While refusing to identify the prince, the South African “displayed remarkable interest” in the lawsuit against Zuckerberg, “probing with particular focus on exactly when Mr. Zuckerberg intended to settle the case,” according to Zuckerberg’s filing. “When told no payoff was in the works, the purported lawyer expressed disappointment and disapproval.”
The Facebook chief executive is trying to undermine Voskerician’s credibility so that a judge or jury will find it hard to believe what he alleges, said David Min, a law professor at the University of California at Irvine who’s been following the court battle.
If Voskerician was “in some sort of conspiracy to inflate the apparent price, he seems far less believable in his testimony as far as other claims, such as the promise from Zuckerberg,” Min said.
While Zuckerberg’s lawyer claims the private eye is just doing his job to examine Sagorac’s “bona fides,” Voskerician attorney David Draper sees it differently.
The investigation is part of an “all-out effort to publicly smear” Sagorac, who is “irrelevant” to the lawsuit, and a diversion from the central fraud claims against Zuckerberg, Draper said in a court filing.
When Fechheimer visited the Milwaukee area to talk to Sagorac’s relatives, he told them Sagorac was “the mastermind behind a scheme to swindle money out of Mark Zuckerberg,” according to the filing.

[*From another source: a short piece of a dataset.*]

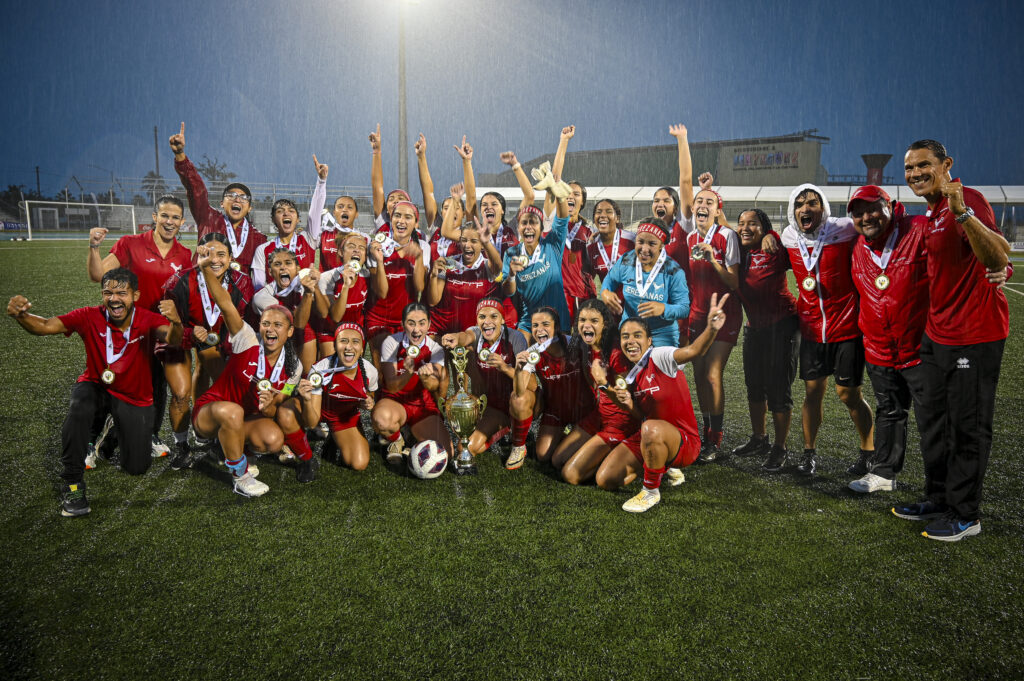 las jerezanas de la upr de rio piedras son las nuevas campeonas del futbol de la lai. luis f. minguela lai 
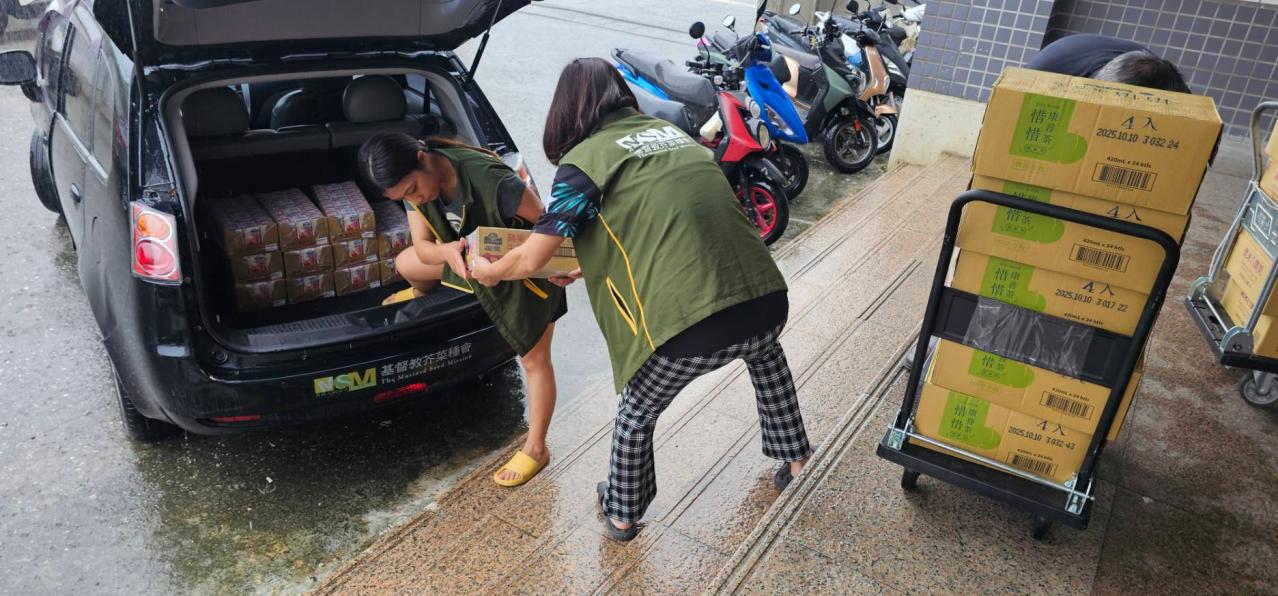 芥菜種會台東倉也調度物資北上。 (基督教芥菜種會提供)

The investigator inquired whether Sagorac’s mother had been institutionalized. Sagorac filed a police report in Menlo Park, California, after his girlfriend was contacted by Fechheimer.
“I feel that my family and my girlfriend have been contacted in an effort to slander me and to intimidate me from testifying in this case,” Sagorac said in a court filing.
Patrick Gunn, a lawyer representing Zuckerberg, and Fechheimer declined to comment on the court filings. Draper also declined to comment.
Draper has asked a judge to let him interview Fechheimer. Zuckerberg’s lawyers object, saying that would violate attorney-client confidentiality. A hearing on that dispute is set for Tuesday.
The case is Voskerician v. Zuckerberg, 114CV264667, Superior Court of the California, County of Santa Clara (San Jose).